The MIT team, in collaboration with Samsung Advanced Institute of Technology, Sungkyunkwan University in South Korea and the University of Texas at Dallas, successfully fabricated these multilayered chips using high-quality semiconducting materials stacked directly on top of one another. Their method circumvents the need for thick, bulky silicon wafers, making room for more direct and efficient communication between layers.
Credit: Cube 3D Graphic
Kim’s team had previously achieved significant progress in growing high-quality semiconducting materials on amorphous surfaces, which are part of the diverse topography of completed chips. These materials, known as transition-metal dichalcogenides (TMDs), maintain their properties even at atomic-scale dimensions, unlike silicon, whose performance degrades significantly at smaller scales.
In earlier experiments, the team grew TMDs on silicon wafers with tiny, pattern-creating pockets. These pockets served as “seeds” where atoms settled and grew in a single-crystalline pattern. The challenge, however, was doing so at high temperatures which would damage the underlying circuitry.
“You have to grow this single-crystalline material below 400 Celsius; otherwise, the underlying circuitry is completely cooked and ruined,” Kim added.
To overcome this, the team adapted a concept from metallurgy. They discovered that nucleation — the initial phase of crystal formation — occurs more effectively at the mold’s edges, a process which requires less energy and lower temperatures. Leveraging this concept, they placed TMD seeds at the edges of the pockets, facilitating the growth of single-crystalline material at a much lower 380 degrees Celsius.
The breakthrough didn’t stop there. The researchers also successfully stacked alternating layers of different TMDs (molybdenum disulfide for n-type transistors, and tungsten diselenide for p-type transistors) on top of each other directly.
This method effectively doubles the density of a chip’s semiconducting elements, greatly enhancing its computational prowess.

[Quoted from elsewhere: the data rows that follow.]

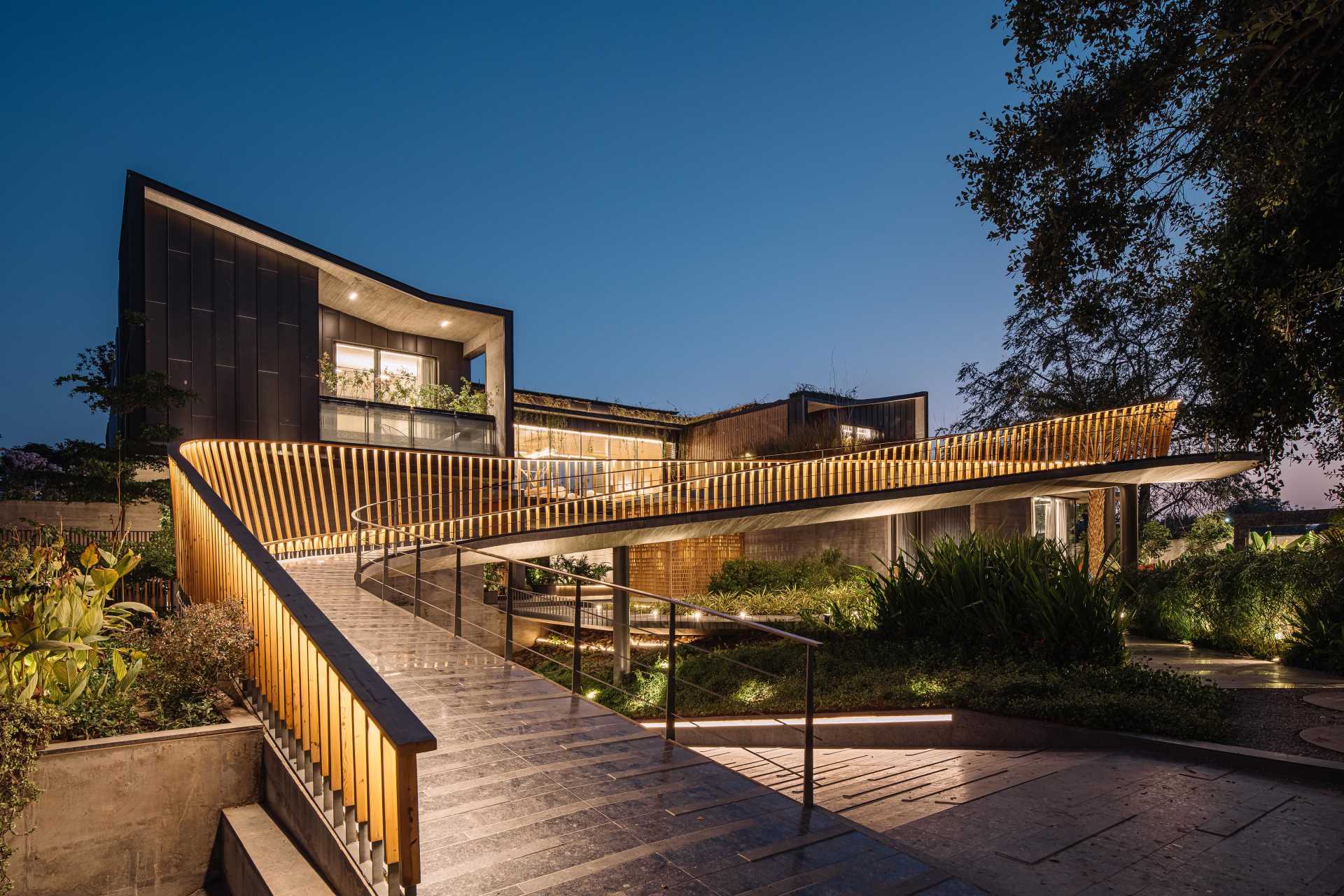 A curving bridge walkway leads to various outdoor entertaining areas of this modern home designed for multi-generational living.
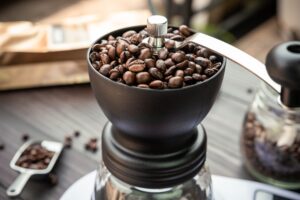 Coffee beans in a coffee grinder.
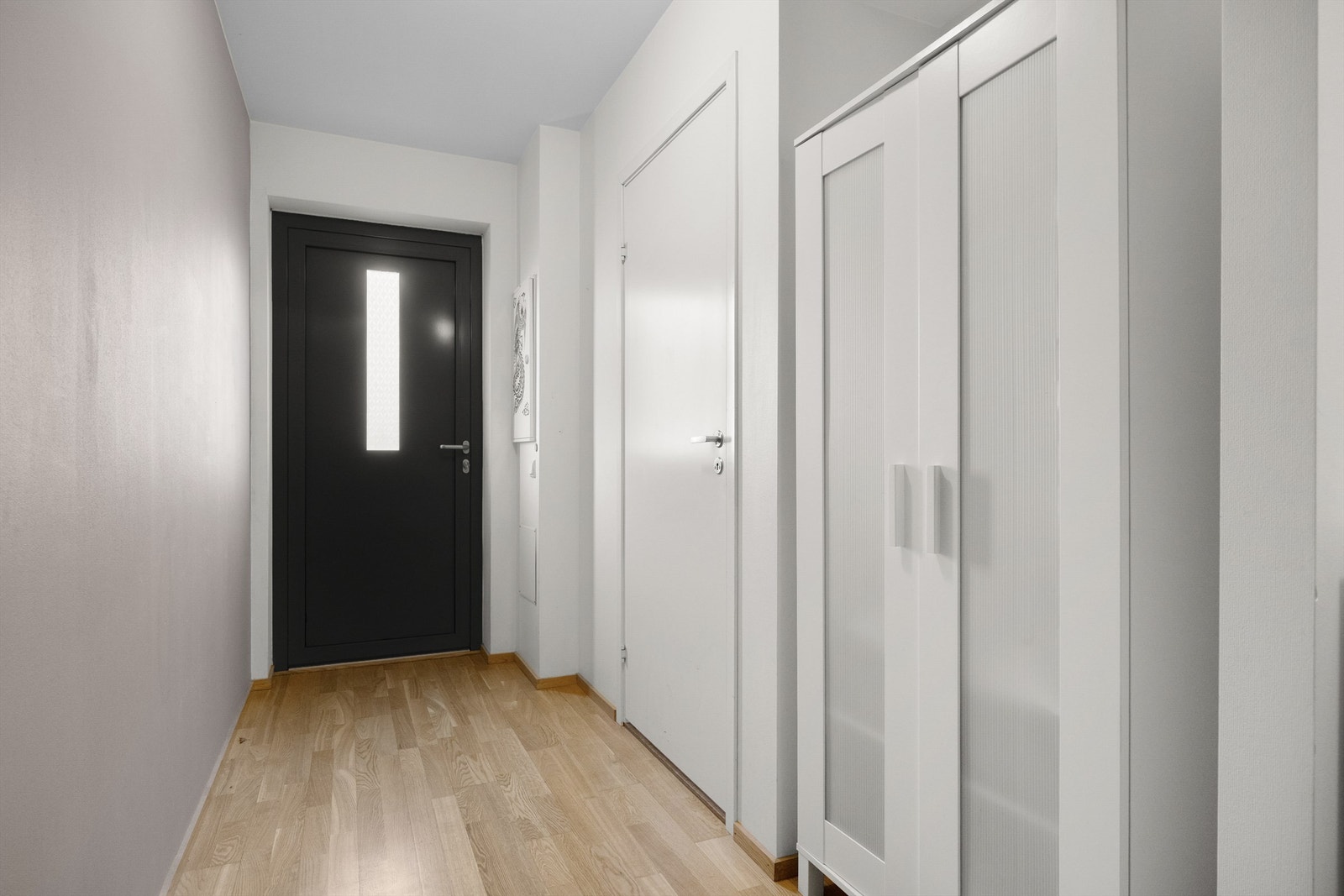 Velkommen inn i en lys entré med plass til oppbevaring av yttertøy.Fra gangen er det tilgang til bad og soverom på dette planet. Galleribilde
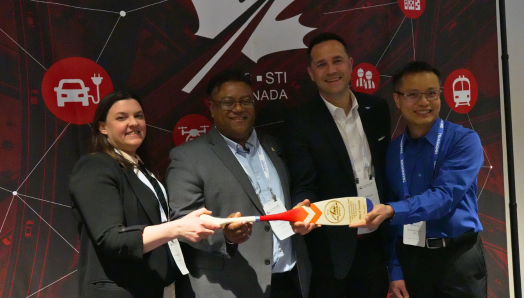Four members of the Accessible Sidewalk Construction Zones for Blind and Low Vision Pedestrians pilot project team stand together at an event, smiling and holding their award, a wooden paddle engraved with the award information. Mary Ann, far left, holds one end of the paddle while the other team members gather around it.
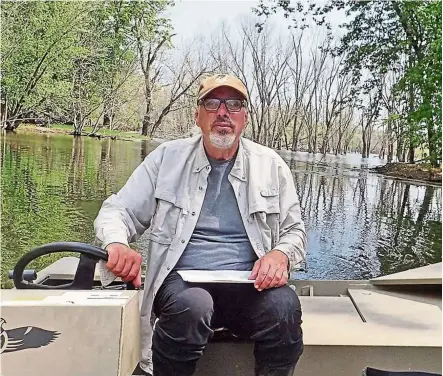  ??  ?? stravers listens for cerulean warblers on a backwater of the Mississipp­i river near his home in McGregor, Iowa, the united states. he is a free-sprited, independen­t wildlife researcher. — TOny Kennedy/Tns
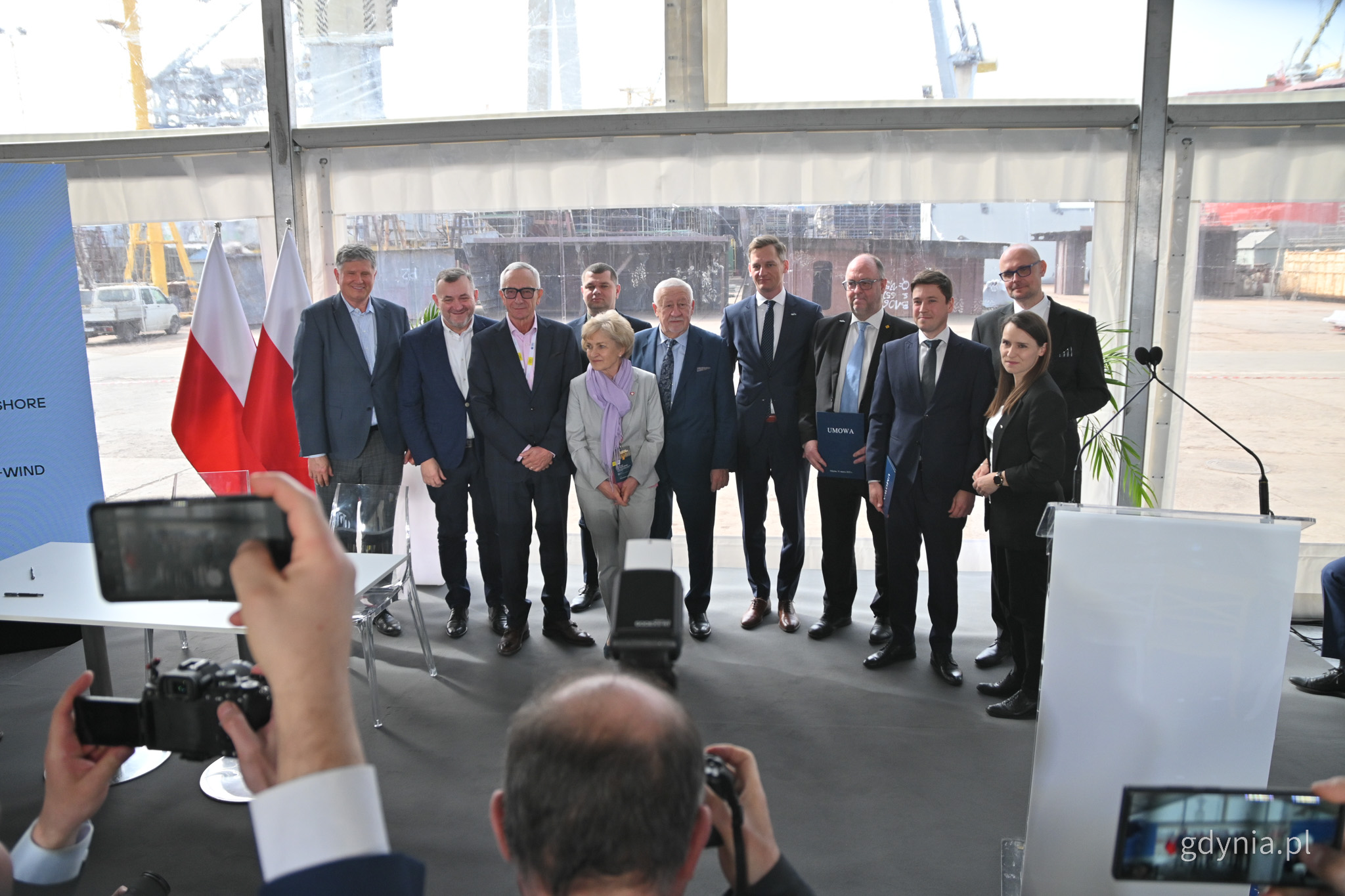 Sala konferencyjna, namiot, na scenie stoi grupa os&oacute;b - mężczyzn i kobiet - ubranych formalnie, pozują do zdjęcia, przed nimi fotoreporterzy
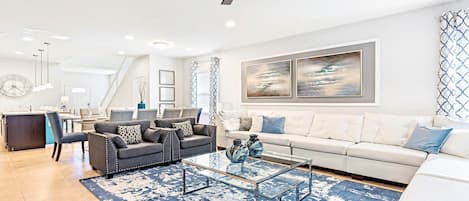 A modern living room with a sofa, coffee table, and artwork on the wall.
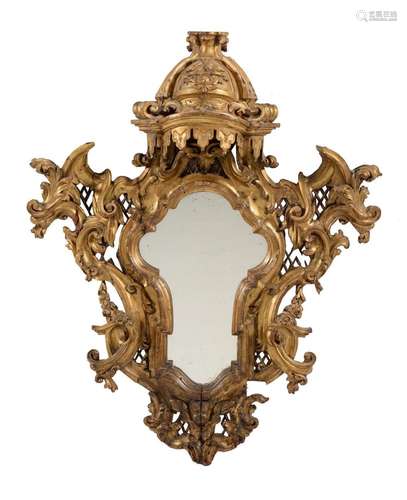 An Italian baroque cartouche shaped wall mirror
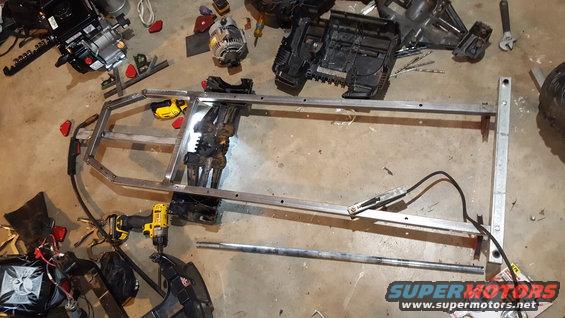 Aluminum frame assembly with engine components, drills, and tools scattered on concrete floor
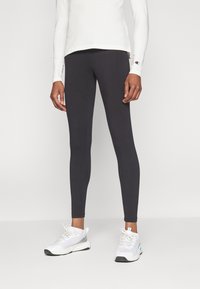 Fekete leggings elasztikus anyagból, szoros illeszkedéssel, fehér sportcipőkkel párosítva. Hosszú ujjú felső világos színben, logó részlettel.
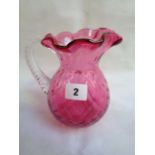 Good Quality Cranberry Glass water jug of ovoid form, cruciform impressed decoration with mounted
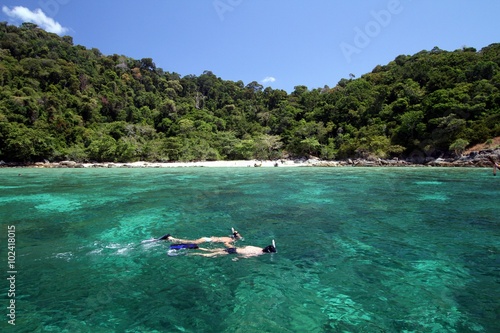 Couple snorkeling with clear water at Lipe island, Thailand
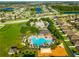 An aerial view displays a Primary-planned community with a pool, playground, dog park, and beautiful landscaping at 10909 Kirkwall Port Dr, Wimauma, FL 33598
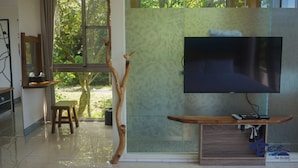 A modern living room with a large flat-screen TV mounted on a wooden console, a glass partition, and a view of greenery outside. - TopTai B&B (Hengchun)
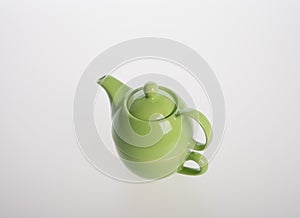 Tea pot set or Porcelain tea pot and cup on background.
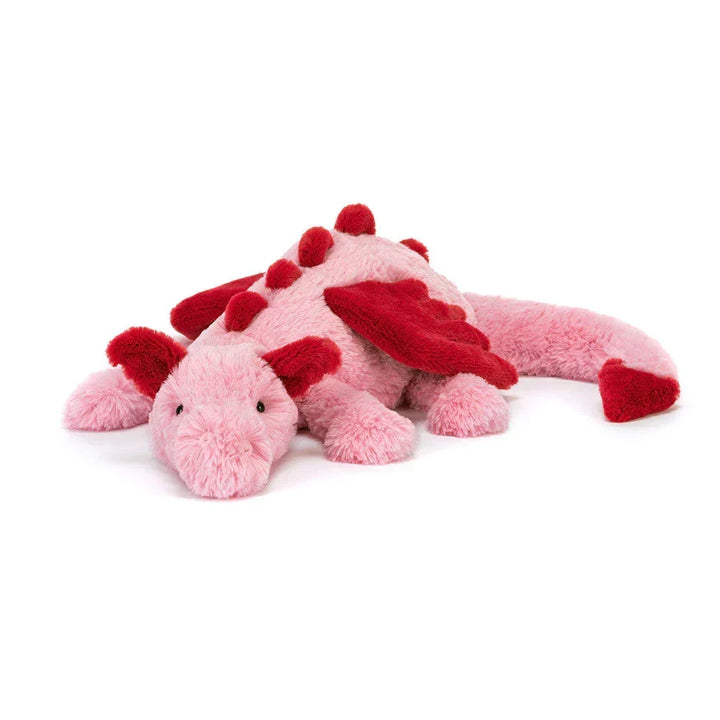 Peluche dragon douce au toucher, parfaite pour les câlins. Un jouet enfant confortable et unisexe de qualité.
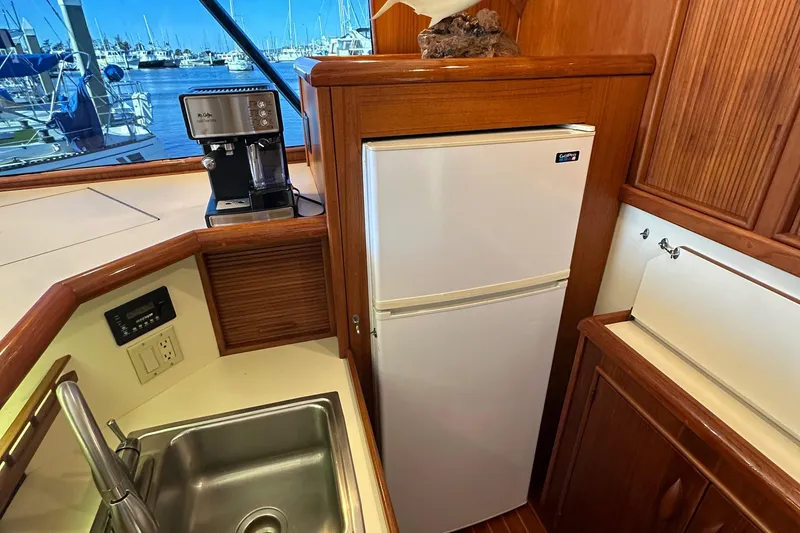 Slide: The Image of 1988 Buddy Davis Convertible yacht kitchen with sink, fridge, and coffee maker. - 19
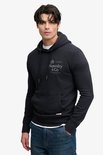 Model draagt donkerblauwe hoodie met witte onderlaag en spijkerbroek.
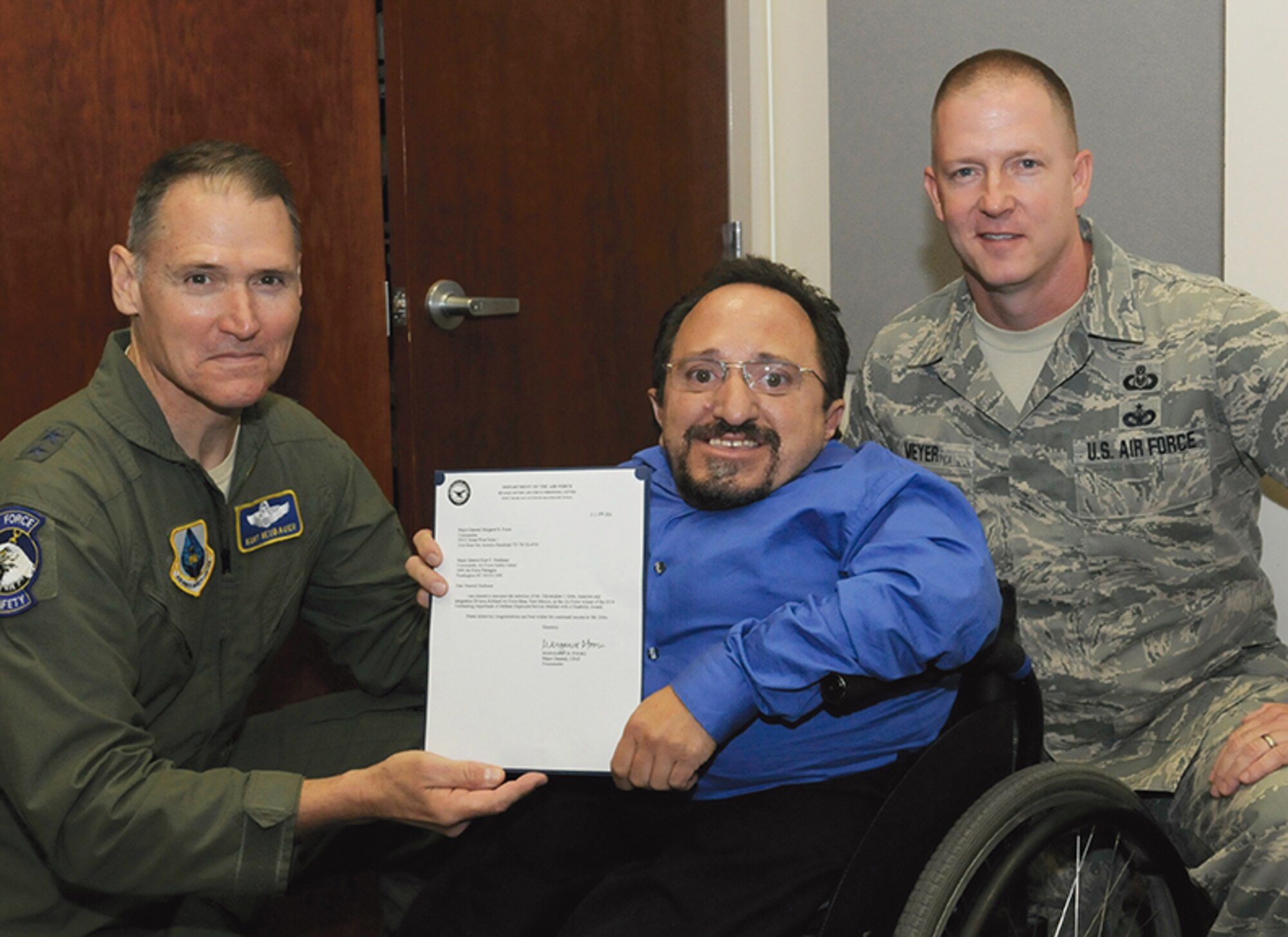 Christopher Gitto, a technical information specialist with the Air Force Safety Center, was recently named the Air Force winner of the Department of Defense Outstanding Employee with a Disability Award. He received the letter of notification from Maj. Gen. Kurt F. Neubauer, Air Force chief of safety and commander of the Air Force Safety Center, and CMSgt Charles Meyer, senior enlisted advisor, during the unit commander's call on July 10. (Photo by Airman 1st Class Aaron Brown)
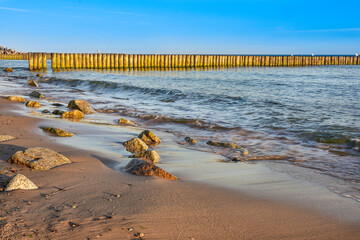 breakwater and beach in the first rays of sun, Baltic Sea in Poland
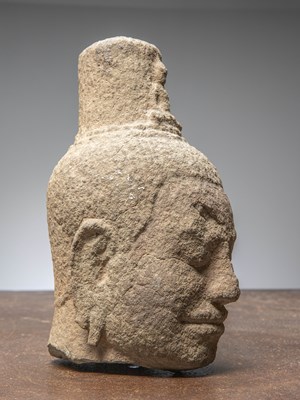 Lot 14 - (R) AN EXQUISITE KHMER SANDSTONE BUDDHIST HEAD, CAMBODIA, 12TH CENTURY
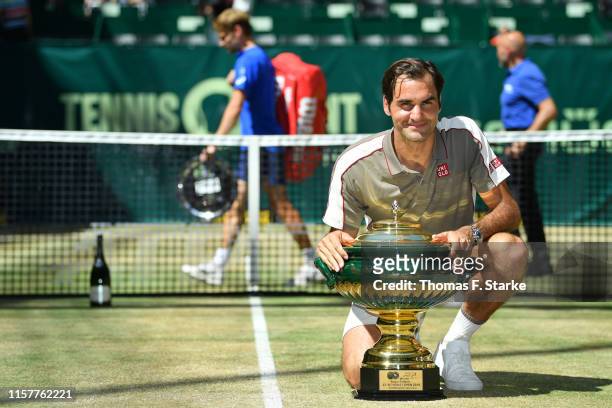 Roger Federer of Switzerland celebrates with the winners cup after winning the final match against David Goffin of Belgium during day 7 of the...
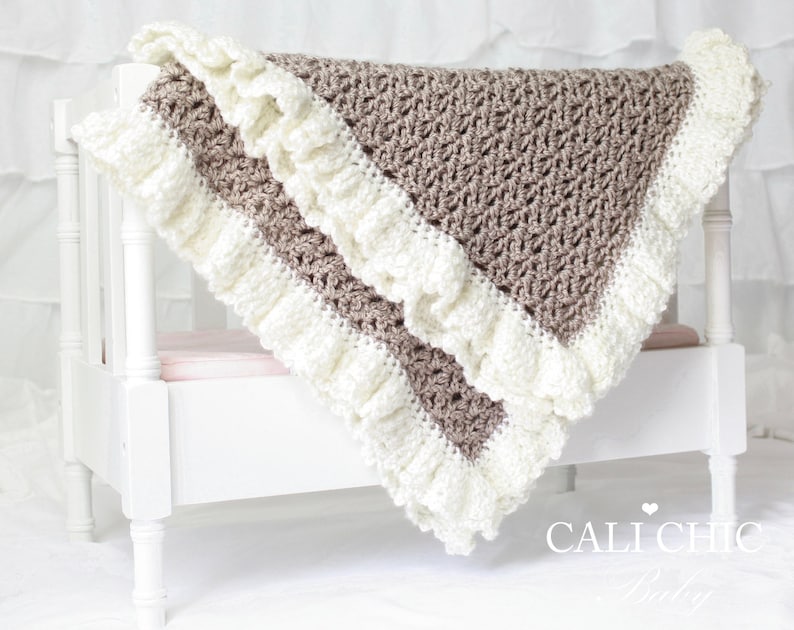 May include: A crocheted baby blanket with a white ruffle border and a brown center. The blanket is draped over a white crib with a pink mattress.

“A product realized by our technique is not only a 3D logic chip but also 3D memory and their combinations,” Kim added.
First author Kiseok Kim, a postdoctoral associate in Jeehwan Kim‘s lab, emphasizes the advantages over traditional 3D chips with silicon wafers.
“Conventional 3D chips have been fabricated with silicon wafers in-between, by drilling holes through the wafer — a process which limits the number of stacked layers, vertical alignment resolution, and yields,” he said in the news release. “Our growth-based method addresses all of those issues at once.”
Jeehwan Kim recently founded FS2 (Future Semiconductor 2D materials) to commercialize this innovative approach.
“We so far show a concept at a small-scale device arrays. The next step is scaling up to show professional AI chip operation,” he added.
Supported by the Samsung Advanced Institute of Technology and the Air Force Office of Scientific Research, this breakthrough by MIT pioneers sets the stage for the development of AI hardware that rivals today’s supercomputers, integrated into everyday devices from laptops to wearables.